It’s not always easy to get excited about x.1 updates to software since they are usually just bug fixes, but Blackmagic actually added a ton of new features in DaVinci Resolve 18.1.
Among them is something that professional colorist Darren Mostyn found incredibly interesting – a new quick sky replacement tool. He created a step-by-step guide on how to use it and what not to do. It doesn’t even require getting into the more technical Fusion controls either.
This is a helpful tool to have in your back pocket since no matter how well you plan you can’t always control how interesting the sky is going to look on any particular day.
The usual method is to key out the sky, find some stock footage, and then just superimpose the image on the background.

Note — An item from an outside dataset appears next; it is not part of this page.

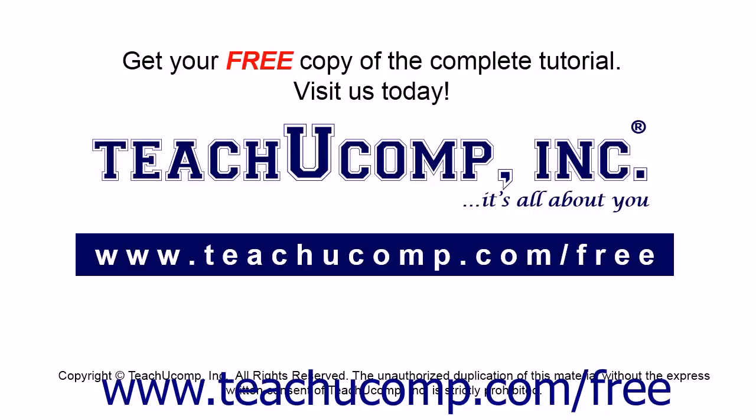Get your free copy of the complete tutorial at www.teachucomp.com forward slash free.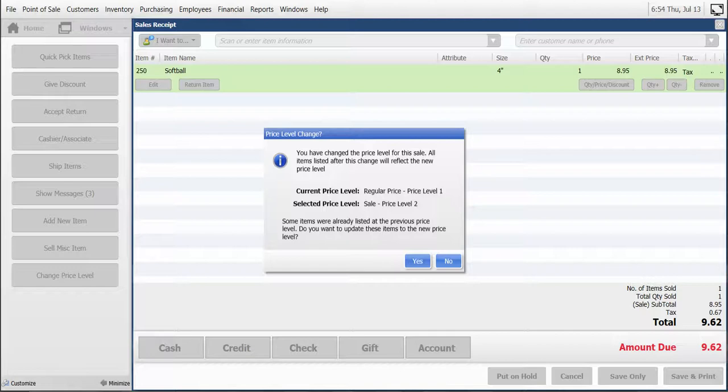If we want to give the same sale price on the first one, we would click Yes. If we don't want to give the same sales price on the first item at $8.95, we would click No. We don't want to apply the sale to the first item, so we will click No.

He shows off how that looks and then shows off a sky replacement that was created entirely within Resolve using the new tool and I must admit that it looks quite good.
In the new OpenFX list there is a specific Sky Replacement tool now and that is what we are working with today.
You can work with it on the Color page and can either drag and drop it onto a node or use an Effects node for a little more control.
Using a single node with the effect simply dropped on you’ll need to tell it what part of the scene is the sky. You can go about this a number of ways.
The first option is to use a mask, like the magic mask to do a quick key and then some tweaking.
Then just increasing the opacity on the sky replacement tool you should see the new sky start to take form. You can also blend that with the original for a more natural look.
With an FX Node added to the chain, you have a few more tools. With them properly connected you can use a qualifier tool on the original node to key out the sky. You can then feed this key directly into your FX node.
In the sky replacement tool, you have a ton of options. First, you’ll want to refine the mask as you need. The cleaner the mask the better the results. Bring up the sky opacity to get a look at the sky. You can change color and softness with ease.
There is a second set of options for the clouds. Resolve will in fact generate clouds for your background here. Turn up the cloud opacity to reveal them. You can change scale, shape, tilt, detail, and more. You can really dial this in and animate it over time.
Compared to stock footage you can get the image exactly as you want for the foreground. Even if the shot has movement there is a built-in tracking tool to match the motion. It’ll track or use keyframes to get the movement looking right.
That is a shockingly powerful tool that they added and should be fun to play around with.
What do you think about Resolve’s new Sky Replacement effect?